43. The office of Director shall be automatically vacated:

    1. if the Director shall resign as such by delivering a written resignation to the Secretary (with such resignation to be effective at the time the resignation is sent to the Corporation or at the time specified in the resignation, whichever is later);
    2. if the Director has been declared incapable by a court in Canada or in another country;
    3. if the Director has the status of a bankrupt; or
    4. if the Director shall die.

44. With the exception of the resignation of a Director pursuant to the dissolution of the Insurance Bureau of Canada or its successors, in which case the number of Directors of the Corporation shall be five (5), if any vacancy shall occur for any reason pursuant to section 43, a person may be nominated to fill the vacancy for the remainder of the term of the vacating Director by:

    1. the board of directors of the Insurance Bureau of Canada or its successors if the vacating Director was an Industry Director; or
    2. by the Independent Directors’ Committee if the vacating Director was an Independent Director.

Provided a quorum is present, the Board shall fill a vacancy with the applicable nominee(s) under subsection (a) or subsection (b), and any such Director shall hold office as a Director for the unexpired term of their predecessor.
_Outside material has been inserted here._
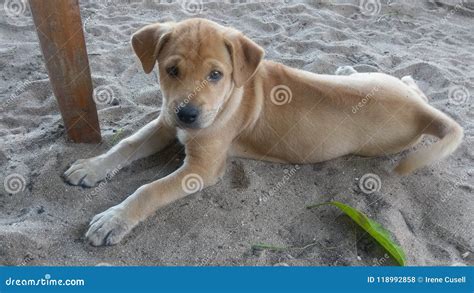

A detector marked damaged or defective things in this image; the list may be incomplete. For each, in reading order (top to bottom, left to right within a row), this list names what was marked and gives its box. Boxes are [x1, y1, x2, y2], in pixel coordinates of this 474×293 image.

rusty metal pole [28, 0, 101, 143]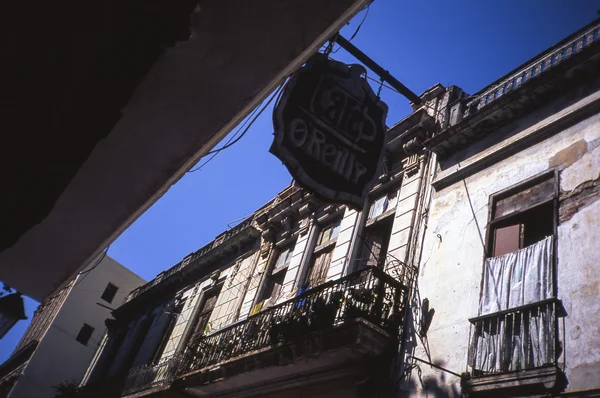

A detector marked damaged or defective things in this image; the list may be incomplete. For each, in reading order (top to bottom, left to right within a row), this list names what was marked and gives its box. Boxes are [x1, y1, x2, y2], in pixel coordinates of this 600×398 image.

peeling plaster wall [406, 93, 600, 394]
45. The office of Director shall also be automatically vacated if a Director is removed from office for cause other than that described in section 43 at a special meeting of Members by a resolution that is passed by at a majority of the votes of Members cast at the meeting.  In the event that a vacancy so occurs, a person shall be elected to fill the vacancy for the remainder of the term of the vacating Director in accordance with the manner of election of the vacating Director set out in section 39.

MEETINGS OF THE BOARD

46. Meetings of the Board may be held at any time and place to be determined by the Directors or the Chair provided that five (5) business days notice of such meeting shall be given by electronic means, such as e-mail or facsimile, or by another means other than by mail to each Director provided that (a) such notice generates a record of the notice sent, and (b) the Director has consented in writing to receive notice by such means.  If notice is given by mail, it shall be sent at least fourteen (14) days prior to the meeting.  Notice of a meeting of the Board shall specify any matter referred to in section 138(2) of the Act that is to be dealt with at the meeting.  There shall be at least two (2) meetings of the Board in each financial year of the Corporation.  No error or omission in giving notice of any meeting of the Board or any adjourned meeting of the Board shall invalidate such meeting or make void any proceedings taken thereat and any Director may at any time waive notice of any such meeting and may ratify, approve and confirm any or all proceedings taken or had thereat.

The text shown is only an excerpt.